Parfois, pas toujours, on peut deviner ce que l’on sera, dès le plus jeune âge. Adil Kadiri Yamani a été de ces enfants espiègles et débrouillards qui, néanmoins dès l’enfance, semblaient destinés à se tailler une place de choix dans le monde des affaires. Son parcours aura certes,  été fait de hasard, mais qu’il a su tourner à son avantage.
Adil Kadiri Yamani est né en 1971 dans la petite ville côtière du pays, Larache. Ses parents exercent tous les deux dans la fonction publique. La famille compte six enfants, dont Adil est le troisième. Les plus âgés parmi nous, ont encore en mémoire, cette cité qui avait gardé l’empreinte  espagnole, dans ce qu’elle a de plus typique. Larache attire à l’époque nombre d’artistes, venus chercher la quiétude et la sérénité, propices à l’éclosion et au développement de leurs talents ou ce qu’ils pensent être leur destin artistique. C’est qu’à cette période et durant une décennie, une activité culturelle intense est très présente dans la cité. La “Semaine de Larache” est un évènement durant lequel la ville prend des airs de Carnaval Vénitien, avec la musique qui prend possession des rues, des déguisements que les jeunes et moins jeunes rivalisent à varier et bien d’autres  activités culturelles, plus traditionnelles. On situe la fin d’une telle période à l’année 1979, qui marquera la fin des festivals, et un tournant qui s’étendrait à tout le Royaume.
Une des particularités de Larache et qui rappelle à Adil son enfance, est la pratique généralisée “d’un sport bien particulier”, répandu tout autour de la Méditerranée, à savoir, la pétanque. Les “notables” quant à eux, se distinguent et se retrouvent les week-ends pour s’adonner à la pêche, plus précisément celle d’un poisson “noble”, le thon. En somme, c’était une époque festive, lorsque la ville avait encore une âme, avant la crise. Depuis, le chômage est passé par là et en même temps, les stupéfiants ont fait leur apparition.
Néanmoins, Adil grandit dans un environnement calme, au sein d’un foyer de la classe moyenne qui, dans le temps avait une signification et des conditions économiques acceptables. “Mon père était très sévère, et ma mère nous couvait à outrance.
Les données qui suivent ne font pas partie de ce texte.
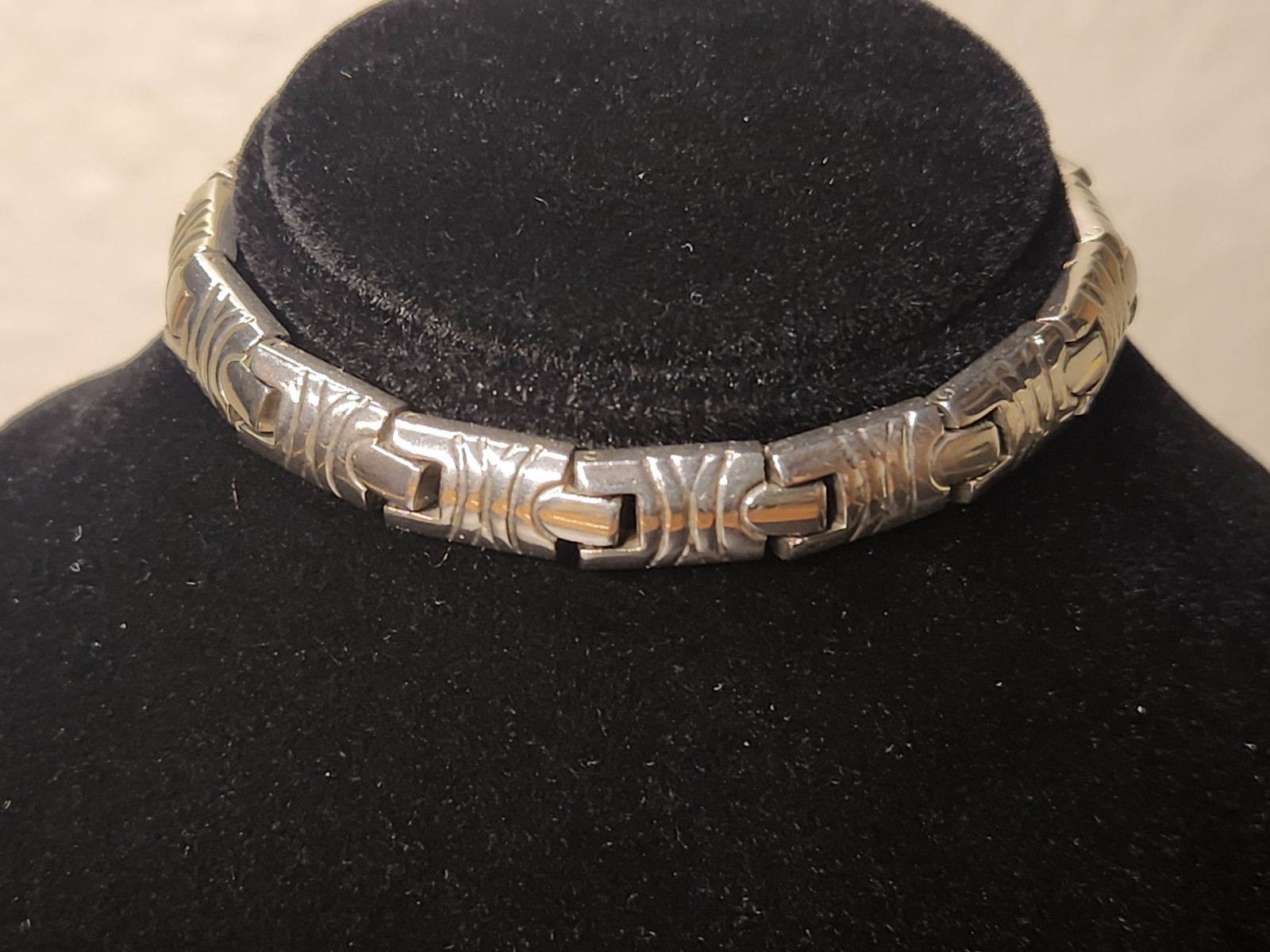 Handmade Taxco Mexican 925 Sterling Silver Bracelet Links Beautiful Shine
Pour elle, la vie familiale était un cocon, dont nous ne pouvions nous soustraire. Sans oublier qu’elle nous suivait de près dans nos études”, se remémore-t-il, dans des soupirs et des signes de tête qui appuient la rigueur de foyer. Mais déjà, Adil est un garçon débrouillard. Du reste, la famille ne se cantonne pas dans sa ville, mais s’ouvre sur son environnement proche. Les déplacements à Fnideq et Medieq, sont fréquents et l’attrait n’est pas seulement touristique. En effet, ces deux places sont d’ores et déjà, des lieux d’échange et de commerce de produits venus d’Espagne et de Sebta. Adil, fait ses premières armes. Il achète des produits électroniques et des consommables divers, qu’il commercialise d’abord auprès de son entourage et par là même, se fait son argent de poche. Pour commencer seulement et ne s’arrête pas à ce stade. Etait-il plus riche que son père? “En épargne, sûrement, puisque mon père devait entretenir une famille de six enfants. Mais  je pouvais inviter régulièrement mes frères et soeurs, pour des petites sorties. Il est évident que ce n’était pas avec les 5 dirhams hebdomadaires que me donnait mon père, que je pouvais me permettre des loisirs et encore moins d’en faire profiter mes proches”, explique-t-il, avec force modestie.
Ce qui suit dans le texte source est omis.